In other words, philanthrocapitalism is enshrined by its practitioners as a way of saving the world, but the people who invest in these resources are responsible for exacerbating the inequalities of the system. Philanthropy is used to preserve capitalism as a system and, at the same time, appease its contradictions, legitimizing the wealth that generates inequality.
Anne-Emanuelle Birn, a renowned scholar in the field of global health, points out that one of the major differences between the Rockefeller Foundation and the Bill & Melinda Gates Foundation is that the former supported the creation of a global public health coordination agency – the World Health Organization – while the latter has privatizing approaches, which end up hampering WHO’s mandate to promote health as a fundamental human right.
Philanthrocapitalism allows crucial decisions for society to be made by private initiatives, whose main objective is not to guarantee the well-being of the population, but rather to maximize its profits. In addition, these private companies are accountable only to their own boards of directors, unlike governmental entities that have a social responsibility. This could lead to a number of conflicts of interest, such as the close links between the BMGF and Big Pharma, or the fact that the last two chairmen of the Global Health Program and other senior BMGF executives have already worked – many in high-level positions – at pharmaceutical companies such as Novartis and GSK[vi].
Philanthrocapitalists tend to focus their view on technological and cost-effective (sometimes simpler) solutions to structural and complex problems. An example of this is Bill Gates’ speech at the World Health Assembly (WHA) in 2005: “Some point to better health in the developed world and say that we can only improve health when we eliminate poverty. And eliminating poverty is an important goal. But the world did not have to eliminate poverty to eliminate smallpox – and we do not need to eliminate poverty before reducing malaria. We need to produce and deliver a vaccine – and the vaccine will save lives, improve health and reduce poverty”[vii].

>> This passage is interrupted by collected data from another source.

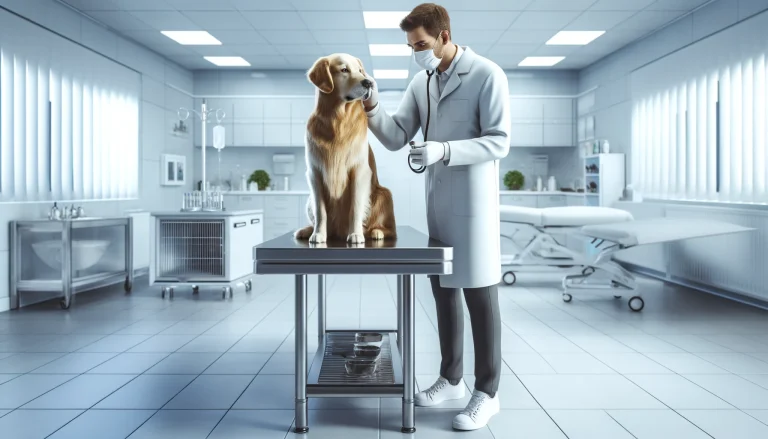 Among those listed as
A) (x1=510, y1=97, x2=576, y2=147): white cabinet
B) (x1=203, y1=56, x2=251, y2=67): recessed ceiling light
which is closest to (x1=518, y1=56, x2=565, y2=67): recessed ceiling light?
(x1=510, y1=97, x2=576, y2=147): white cabinet

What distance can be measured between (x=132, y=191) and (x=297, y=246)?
6017mm

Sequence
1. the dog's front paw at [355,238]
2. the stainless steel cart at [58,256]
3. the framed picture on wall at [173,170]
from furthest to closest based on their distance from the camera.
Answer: the framed picture on wall at [173,170], the stainless steel cart at [58,256], the dog's front paw at [355,238]

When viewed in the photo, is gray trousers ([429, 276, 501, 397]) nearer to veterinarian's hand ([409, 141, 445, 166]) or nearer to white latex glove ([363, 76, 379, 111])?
veterinarian's hand ([409, 141, 445, 166])

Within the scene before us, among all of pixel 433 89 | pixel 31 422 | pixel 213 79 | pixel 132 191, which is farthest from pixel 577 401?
pixel 213 79

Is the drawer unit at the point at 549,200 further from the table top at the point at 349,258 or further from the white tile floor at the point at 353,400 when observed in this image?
the table top at the point at 349,258

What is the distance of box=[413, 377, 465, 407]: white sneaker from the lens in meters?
2.46

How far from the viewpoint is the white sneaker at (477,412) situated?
7.20ft

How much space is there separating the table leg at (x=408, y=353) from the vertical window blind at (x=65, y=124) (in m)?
4.07

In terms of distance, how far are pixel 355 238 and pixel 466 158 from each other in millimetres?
451

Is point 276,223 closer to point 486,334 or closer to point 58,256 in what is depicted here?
point 58,256

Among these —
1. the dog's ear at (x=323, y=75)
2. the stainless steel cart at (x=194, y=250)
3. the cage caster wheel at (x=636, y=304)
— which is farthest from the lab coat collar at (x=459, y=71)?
the stainless steel cart at (x=194, y=250)

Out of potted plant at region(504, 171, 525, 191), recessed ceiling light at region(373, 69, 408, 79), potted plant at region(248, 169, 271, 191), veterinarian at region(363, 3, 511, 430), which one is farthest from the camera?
potted plant at region(504, 171, 525, 191)

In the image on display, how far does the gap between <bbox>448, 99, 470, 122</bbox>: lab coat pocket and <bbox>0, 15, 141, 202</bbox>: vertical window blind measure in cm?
412

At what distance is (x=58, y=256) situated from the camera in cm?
496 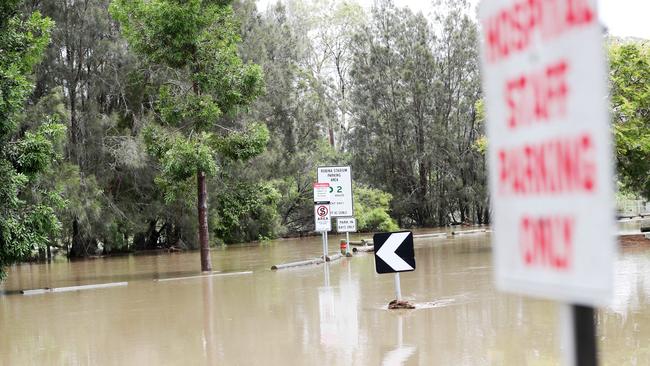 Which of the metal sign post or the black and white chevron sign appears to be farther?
the metal sign post

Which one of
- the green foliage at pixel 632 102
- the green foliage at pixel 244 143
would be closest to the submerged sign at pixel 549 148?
the green foliage at pixel 244 143

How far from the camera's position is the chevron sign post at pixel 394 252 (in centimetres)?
1074

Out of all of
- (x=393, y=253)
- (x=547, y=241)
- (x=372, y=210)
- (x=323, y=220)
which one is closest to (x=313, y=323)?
(x=393, y=253)

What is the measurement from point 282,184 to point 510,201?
4296 cm

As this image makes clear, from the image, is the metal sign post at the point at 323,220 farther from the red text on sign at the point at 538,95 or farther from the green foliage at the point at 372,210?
the green foliage at the point at 372,210

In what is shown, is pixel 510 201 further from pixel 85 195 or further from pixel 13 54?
pixel 85 195

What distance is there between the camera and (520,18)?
196cm

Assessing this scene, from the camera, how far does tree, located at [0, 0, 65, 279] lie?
14.0 metres

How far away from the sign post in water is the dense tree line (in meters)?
13.2

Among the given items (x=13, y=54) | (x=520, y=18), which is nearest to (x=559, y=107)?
(x=520, y=18)

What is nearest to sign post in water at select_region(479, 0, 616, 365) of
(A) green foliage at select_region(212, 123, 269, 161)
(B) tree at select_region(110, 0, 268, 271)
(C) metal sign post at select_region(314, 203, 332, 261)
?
(B) tree at select_region(110, 0, 268, 271)

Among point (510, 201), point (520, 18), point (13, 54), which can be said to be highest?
point (13, 54)

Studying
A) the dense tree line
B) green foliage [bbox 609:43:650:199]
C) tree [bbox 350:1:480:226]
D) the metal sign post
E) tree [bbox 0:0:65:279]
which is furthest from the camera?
tree [bbox 350:1:480:226]

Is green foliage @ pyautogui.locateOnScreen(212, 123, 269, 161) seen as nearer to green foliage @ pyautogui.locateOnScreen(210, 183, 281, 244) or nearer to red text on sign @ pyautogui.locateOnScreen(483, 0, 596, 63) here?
green foliage @ pyautogui.locateOnScreen(210, 183, 281, 244) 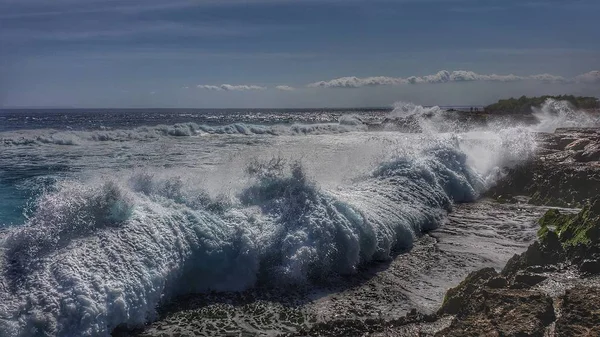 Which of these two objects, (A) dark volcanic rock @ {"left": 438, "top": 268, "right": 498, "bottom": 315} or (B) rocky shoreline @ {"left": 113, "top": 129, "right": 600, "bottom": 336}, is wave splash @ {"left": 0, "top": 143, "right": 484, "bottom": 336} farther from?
(A) dark volcanic rock @ {"left": 438, "top": 268, "right": 498, "bottom": 315}

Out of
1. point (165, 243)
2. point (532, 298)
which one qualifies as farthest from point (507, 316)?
point (165, 243)

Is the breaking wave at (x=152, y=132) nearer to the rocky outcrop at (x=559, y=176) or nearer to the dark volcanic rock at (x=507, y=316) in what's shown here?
the rocky outcrop at (x=559, y=176)

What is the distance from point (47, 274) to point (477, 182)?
13112 mm

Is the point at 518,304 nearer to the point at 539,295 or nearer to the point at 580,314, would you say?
the point at 539,295

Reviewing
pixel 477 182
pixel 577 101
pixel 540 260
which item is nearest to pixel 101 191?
pixel 540 260

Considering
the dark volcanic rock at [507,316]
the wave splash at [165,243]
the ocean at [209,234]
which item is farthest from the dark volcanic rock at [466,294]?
the wave splash at [165,243]

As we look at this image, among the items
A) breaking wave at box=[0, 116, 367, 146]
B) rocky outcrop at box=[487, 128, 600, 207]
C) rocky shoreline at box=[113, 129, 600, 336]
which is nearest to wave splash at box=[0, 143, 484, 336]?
rocky shoreline at box=[113, 129, 600, 336]

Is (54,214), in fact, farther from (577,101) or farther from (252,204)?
(577,101)

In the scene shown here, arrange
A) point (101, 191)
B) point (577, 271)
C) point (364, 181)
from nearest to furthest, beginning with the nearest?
point (577, 271) < point (101, 191) < point (364, 181)

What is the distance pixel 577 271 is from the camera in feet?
23.8

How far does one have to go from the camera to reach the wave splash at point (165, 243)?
21.4ft

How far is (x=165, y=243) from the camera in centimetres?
802

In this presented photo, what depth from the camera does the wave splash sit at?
652 centimetres

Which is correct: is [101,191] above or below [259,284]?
above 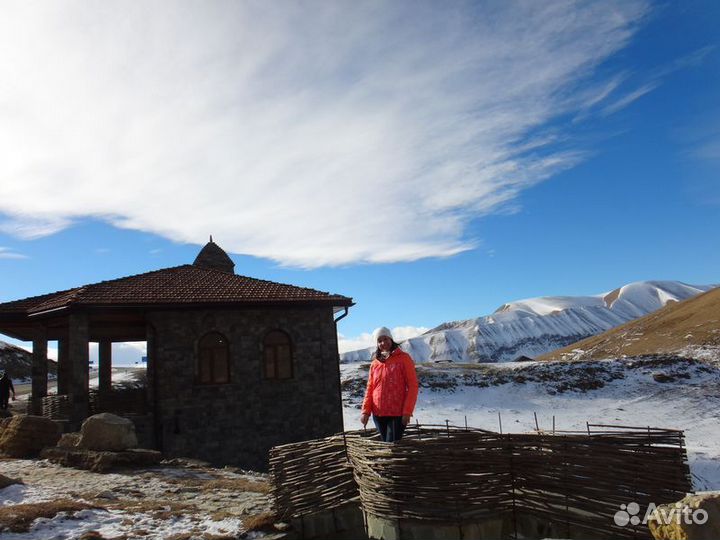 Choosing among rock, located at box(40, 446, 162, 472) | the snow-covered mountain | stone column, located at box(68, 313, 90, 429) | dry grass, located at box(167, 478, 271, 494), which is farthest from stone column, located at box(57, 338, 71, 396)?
the snow-covered mountain

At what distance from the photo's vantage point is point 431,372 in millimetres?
30359

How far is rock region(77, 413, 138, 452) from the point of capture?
11008mm

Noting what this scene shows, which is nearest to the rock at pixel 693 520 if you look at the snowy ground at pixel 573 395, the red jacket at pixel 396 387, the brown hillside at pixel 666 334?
the red jacket at pixel 396 387

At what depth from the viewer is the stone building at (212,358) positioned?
15.4 meters

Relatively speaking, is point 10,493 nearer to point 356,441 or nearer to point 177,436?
point 356,441

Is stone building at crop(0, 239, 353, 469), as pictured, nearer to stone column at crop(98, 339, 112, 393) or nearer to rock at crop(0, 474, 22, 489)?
stone column at crop(98, 339, 112, 393)

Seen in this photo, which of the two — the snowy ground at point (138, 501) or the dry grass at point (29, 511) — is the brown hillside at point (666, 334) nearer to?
the snowy ground at point (138, 501)

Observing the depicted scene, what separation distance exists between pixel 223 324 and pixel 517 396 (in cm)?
1667

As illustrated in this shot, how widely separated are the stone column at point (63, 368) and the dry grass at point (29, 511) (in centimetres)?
1016

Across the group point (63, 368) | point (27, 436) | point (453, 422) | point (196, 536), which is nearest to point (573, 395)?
point (453, 422)

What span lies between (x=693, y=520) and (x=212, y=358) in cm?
1436

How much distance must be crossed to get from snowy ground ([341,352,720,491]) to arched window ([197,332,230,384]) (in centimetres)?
719

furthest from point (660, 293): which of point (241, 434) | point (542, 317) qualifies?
point (241, 434)

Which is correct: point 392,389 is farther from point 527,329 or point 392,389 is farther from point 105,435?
point 527,329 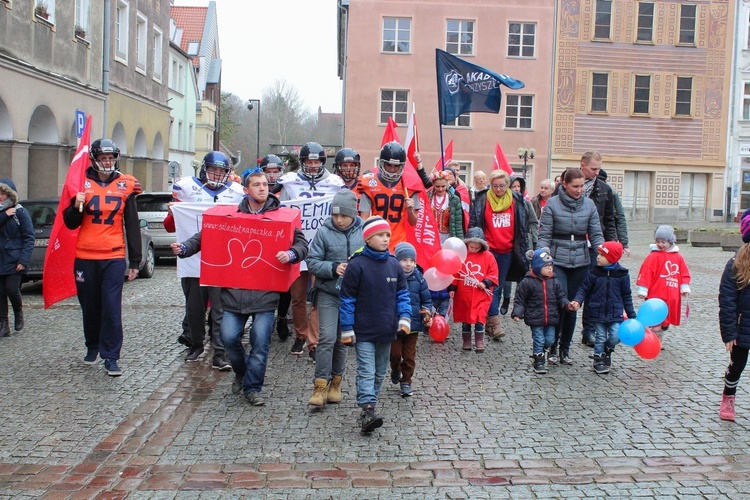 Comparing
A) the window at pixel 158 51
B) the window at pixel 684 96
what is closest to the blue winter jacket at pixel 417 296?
the window at pixel 158 51

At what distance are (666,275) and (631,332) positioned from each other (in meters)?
2.11

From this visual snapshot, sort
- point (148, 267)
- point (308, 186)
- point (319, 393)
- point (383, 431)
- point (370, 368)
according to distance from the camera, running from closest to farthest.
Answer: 1. point (383, 431)
2. point (370, 368)
3. point (319, 393)
4. point (308, 186)
5. point (148, 267)

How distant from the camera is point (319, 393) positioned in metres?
7.23

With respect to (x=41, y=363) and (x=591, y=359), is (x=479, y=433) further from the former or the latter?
(x=41, y=363)

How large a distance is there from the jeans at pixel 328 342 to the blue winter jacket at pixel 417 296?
72 cm

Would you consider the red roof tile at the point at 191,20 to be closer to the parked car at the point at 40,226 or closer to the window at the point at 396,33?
the window at the point at 396,33

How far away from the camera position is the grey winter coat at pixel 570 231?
9.25 m

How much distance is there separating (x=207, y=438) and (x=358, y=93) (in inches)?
1498

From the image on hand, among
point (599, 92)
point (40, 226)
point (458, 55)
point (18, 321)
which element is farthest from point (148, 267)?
point (599, 92)

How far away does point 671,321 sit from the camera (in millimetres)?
9969

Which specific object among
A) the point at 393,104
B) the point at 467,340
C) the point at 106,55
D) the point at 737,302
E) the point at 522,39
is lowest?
the point at 467,340

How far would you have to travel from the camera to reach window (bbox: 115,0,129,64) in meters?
30.2

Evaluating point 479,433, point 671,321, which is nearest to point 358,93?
point 671,321

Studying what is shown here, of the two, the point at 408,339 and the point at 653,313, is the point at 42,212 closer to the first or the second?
the point at 408,339
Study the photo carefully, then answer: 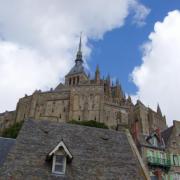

The importance of vaccines as instruments of public health cannot be denied, but this disease-centered view ultimately ignores the social determinants of health. There is great evidence that mortality and morbidity rates tend to decrease with improved living conditions, such as access to education, food, clean water, housing, primary health care, basic sanitation, employment, among others, in addition to environmental conditions.
Within WHO, one of the strategies to deal with this issue is the Framework of Engagement with Non-State Actors (FENSA). Approved at the 69th edition of the WHA (2016), FENSA establishes the rationale, principles, benefits and risks inherent to collaboration with these actors, and encompasses all modes of relationship at all WHO levels. The document is a milestone for the countries, as it emphasizes the importance of adequate and transparent regulation with these bodies.
This can be a good instrument for States to reinforce their central role in setting the global agenda, and prevent these philanthropic elites from guiding public policies on the basis of capital accumulation, while ignoring social justice. In addition, a collective advocacy effort is required to obtain social responsibility from these actors. As Birn argues, “it may well still be a rich man’s world, but we need not settle for a rich man’s agenda for global health”[viii].